Didn't expect signal from child: got `Segmentation fault'
Florian Weimer July 7, 2023, 1:18 p.m. UTC | #9
* Adhemerval Zanella Netto:

> I also seeing extra regressions on arm-linux-gnueabihf:
>
> FAIL: elf/tst-audit11
> FAIL: elf/tst-audit12
> FAIL: elf/tst-audit2
> FAIL: elf/tst-audit9
> FAIL: elf/tst-tls-ie-dlmopen
>
>
> $ cat elf/tst-audit11.out
> Start
>
> $ cat elf/tst-audit12.out
> Start
>
> $ cat elf/tst-audit2.out
> version: 2

This one I can't reproduce:

# LD_AUDIT=elf/tst-auditmod1.so elf/ld.so --library-path .:elf elf/tst-audit2
[…]
objclose
objclose
objclose
activity: consistent
# echo $?
0

I'm going to repost the series with the vDSO fix.

Thanks,
Florian
Adhemerval Zanella July 7, 2023, 1:58 p.m. UTC | #10
On 07/07/23 10:18, Florian Weimer wrote:
> * Adhemerval Zanella Netto:
> 
>> I also seeing extra regressions on arm-linux-gnueabihf:
>>
>> FAIL: elf/tst-audit11
>> FAIL: elf/tst-audit12
>> FAIL: elf/tst-audit2
>> FAIL: elf/tst-audit9
>> FAIL: elf/tst-tls-ie-dlmopen
>>
>>
>> $ cat elf/tst-audit11.out
>> Start
>>
>> $ cat elf/tst-audit12.out
>> Start
>>
>> $ cat elf/tst-audit2.out
>> version: 2
> 
> This one I can't reproduce:
> 
> # LD_AUDIT=elf/tst-auditmod1.so elf/ld.so --library-path .:elf elf/tst-audit2
> […]
> objclose
> objclose
> objclose
> activity: consistent
> # echo $?
> 0
> 
> I'm going to repost the series with the vDSO fix.

Alright, I will check again once you repost it.  I have not look this series in
detail, but I wonder if you could split in first adding the dlopen hash speedup
and then add the hardening, as two different sets.  I am not sure how hard or
if it would be feasible.
Florian Weimer July 7, 2023, 2:55 p.m. UTC | #11
* Adhemerval Zanella Netto:

> Alright, I will check again once you repost it.  I have not look this
> series in detail, but I wonder if you could split in first adding the
> dlopen hash speedup and then add the hardening, as two different sets.
> I am not sure how hard or if it would be feasible.

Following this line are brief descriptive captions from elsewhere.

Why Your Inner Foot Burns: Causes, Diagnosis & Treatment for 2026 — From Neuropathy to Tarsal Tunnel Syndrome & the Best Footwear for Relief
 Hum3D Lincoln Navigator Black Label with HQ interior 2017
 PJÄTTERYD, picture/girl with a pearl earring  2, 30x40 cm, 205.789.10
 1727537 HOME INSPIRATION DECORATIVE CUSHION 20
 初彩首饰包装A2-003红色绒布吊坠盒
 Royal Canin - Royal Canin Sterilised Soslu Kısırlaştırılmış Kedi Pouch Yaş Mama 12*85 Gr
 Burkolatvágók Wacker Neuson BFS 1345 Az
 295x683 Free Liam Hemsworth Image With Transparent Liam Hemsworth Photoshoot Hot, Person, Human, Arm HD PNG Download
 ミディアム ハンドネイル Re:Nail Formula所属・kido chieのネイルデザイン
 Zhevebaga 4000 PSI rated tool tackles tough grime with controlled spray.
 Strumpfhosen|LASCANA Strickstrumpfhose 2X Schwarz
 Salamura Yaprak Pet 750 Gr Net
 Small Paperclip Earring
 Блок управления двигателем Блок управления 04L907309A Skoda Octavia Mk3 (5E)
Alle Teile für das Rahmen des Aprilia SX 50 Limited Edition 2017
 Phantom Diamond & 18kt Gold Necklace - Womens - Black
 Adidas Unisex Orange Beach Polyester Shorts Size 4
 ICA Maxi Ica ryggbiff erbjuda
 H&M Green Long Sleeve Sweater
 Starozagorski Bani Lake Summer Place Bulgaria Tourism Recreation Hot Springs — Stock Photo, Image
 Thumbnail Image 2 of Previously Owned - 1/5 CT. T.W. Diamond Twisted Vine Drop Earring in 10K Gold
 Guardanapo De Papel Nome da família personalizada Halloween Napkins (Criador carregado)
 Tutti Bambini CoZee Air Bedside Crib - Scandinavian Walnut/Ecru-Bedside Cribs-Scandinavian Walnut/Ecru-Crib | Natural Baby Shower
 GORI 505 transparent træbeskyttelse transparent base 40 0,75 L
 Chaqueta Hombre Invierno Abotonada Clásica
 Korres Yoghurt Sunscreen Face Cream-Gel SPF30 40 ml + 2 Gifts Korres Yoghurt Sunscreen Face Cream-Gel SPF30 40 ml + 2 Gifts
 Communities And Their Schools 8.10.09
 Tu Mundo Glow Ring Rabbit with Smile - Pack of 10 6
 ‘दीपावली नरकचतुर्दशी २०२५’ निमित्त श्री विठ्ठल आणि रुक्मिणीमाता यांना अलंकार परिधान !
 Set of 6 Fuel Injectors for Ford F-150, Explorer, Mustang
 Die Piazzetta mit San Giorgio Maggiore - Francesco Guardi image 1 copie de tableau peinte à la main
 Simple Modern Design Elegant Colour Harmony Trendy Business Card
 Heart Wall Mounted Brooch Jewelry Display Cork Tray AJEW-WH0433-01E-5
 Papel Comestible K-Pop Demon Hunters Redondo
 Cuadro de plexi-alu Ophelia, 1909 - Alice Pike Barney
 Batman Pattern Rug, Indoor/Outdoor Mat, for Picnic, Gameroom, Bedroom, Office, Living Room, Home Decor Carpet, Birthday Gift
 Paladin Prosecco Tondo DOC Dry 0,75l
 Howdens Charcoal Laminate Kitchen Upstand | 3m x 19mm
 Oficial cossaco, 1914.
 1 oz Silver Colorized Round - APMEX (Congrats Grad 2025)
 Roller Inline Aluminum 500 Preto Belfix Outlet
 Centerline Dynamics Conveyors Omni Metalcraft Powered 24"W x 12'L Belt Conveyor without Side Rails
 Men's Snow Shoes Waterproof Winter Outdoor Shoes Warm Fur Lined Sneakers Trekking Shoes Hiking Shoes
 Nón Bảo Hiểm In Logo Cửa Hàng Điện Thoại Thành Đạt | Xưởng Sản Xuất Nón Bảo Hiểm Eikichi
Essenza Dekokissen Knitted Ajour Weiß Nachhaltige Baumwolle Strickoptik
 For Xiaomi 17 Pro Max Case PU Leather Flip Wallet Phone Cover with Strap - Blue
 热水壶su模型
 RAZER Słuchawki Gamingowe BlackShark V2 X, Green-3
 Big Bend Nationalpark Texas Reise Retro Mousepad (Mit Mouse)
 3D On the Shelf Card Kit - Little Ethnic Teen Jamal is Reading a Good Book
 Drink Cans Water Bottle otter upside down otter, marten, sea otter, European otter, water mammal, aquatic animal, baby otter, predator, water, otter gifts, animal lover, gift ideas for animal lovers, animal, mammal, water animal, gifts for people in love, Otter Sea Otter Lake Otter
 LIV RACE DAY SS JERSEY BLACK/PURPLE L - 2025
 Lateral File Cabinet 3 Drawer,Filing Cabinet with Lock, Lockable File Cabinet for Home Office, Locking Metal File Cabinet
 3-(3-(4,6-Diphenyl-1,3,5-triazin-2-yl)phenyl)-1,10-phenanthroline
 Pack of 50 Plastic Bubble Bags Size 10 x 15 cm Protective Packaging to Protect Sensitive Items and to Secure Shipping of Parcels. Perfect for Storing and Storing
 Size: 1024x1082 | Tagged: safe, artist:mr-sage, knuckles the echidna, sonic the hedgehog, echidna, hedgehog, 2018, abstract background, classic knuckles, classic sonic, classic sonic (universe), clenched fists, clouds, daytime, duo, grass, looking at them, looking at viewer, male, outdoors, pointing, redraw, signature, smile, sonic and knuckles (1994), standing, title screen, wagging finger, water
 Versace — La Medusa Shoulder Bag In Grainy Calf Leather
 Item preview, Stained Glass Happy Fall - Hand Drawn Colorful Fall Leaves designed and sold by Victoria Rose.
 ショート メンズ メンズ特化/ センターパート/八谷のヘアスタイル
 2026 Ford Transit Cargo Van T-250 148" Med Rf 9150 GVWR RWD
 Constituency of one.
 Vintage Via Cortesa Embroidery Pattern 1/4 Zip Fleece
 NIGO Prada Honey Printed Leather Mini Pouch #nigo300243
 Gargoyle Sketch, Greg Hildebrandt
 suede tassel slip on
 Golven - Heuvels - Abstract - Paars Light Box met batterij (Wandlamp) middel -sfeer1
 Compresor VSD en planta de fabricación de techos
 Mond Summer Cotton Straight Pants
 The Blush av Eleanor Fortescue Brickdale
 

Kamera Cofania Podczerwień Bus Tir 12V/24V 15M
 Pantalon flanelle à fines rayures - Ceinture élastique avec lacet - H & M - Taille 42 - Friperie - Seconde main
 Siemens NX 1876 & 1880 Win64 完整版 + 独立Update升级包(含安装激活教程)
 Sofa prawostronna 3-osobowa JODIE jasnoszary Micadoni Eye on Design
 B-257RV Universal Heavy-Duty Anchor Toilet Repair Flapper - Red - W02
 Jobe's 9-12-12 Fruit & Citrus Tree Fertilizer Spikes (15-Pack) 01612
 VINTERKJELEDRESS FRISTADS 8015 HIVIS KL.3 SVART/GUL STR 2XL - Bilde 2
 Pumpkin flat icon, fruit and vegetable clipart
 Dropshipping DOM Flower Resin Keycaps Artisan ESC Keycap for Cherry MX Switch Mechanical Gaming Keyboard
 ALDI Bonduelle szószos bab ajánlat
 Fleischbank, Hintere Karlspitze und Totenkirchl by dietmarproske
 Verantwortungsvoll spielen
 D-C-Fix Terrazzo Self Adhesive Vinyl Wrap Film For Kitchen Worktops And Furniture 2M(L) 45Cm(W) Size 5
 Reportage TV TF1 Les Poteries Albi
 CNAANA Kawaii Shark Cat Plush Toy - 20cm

The struct link_map_private change conflicts to some degree.  But having
the protected memory allocator really simplifies two things: we no
longer have to worry about switching from the minimal malloc to the
libc.so malloc.  It's always the protected memory allocator, so
_dl_protmem_free works during early startup and once user code starts
running.  The other thing is that valgrind and mtrace do not see the
allocations, so we don't need to free them.  I alluded this in the cover
letter; I think we should add something to report leaked memory based on
tracing from the data structure roots, rather than figuring out a safe
way how to deallocate things during process shutdown.

Thanks,
Florian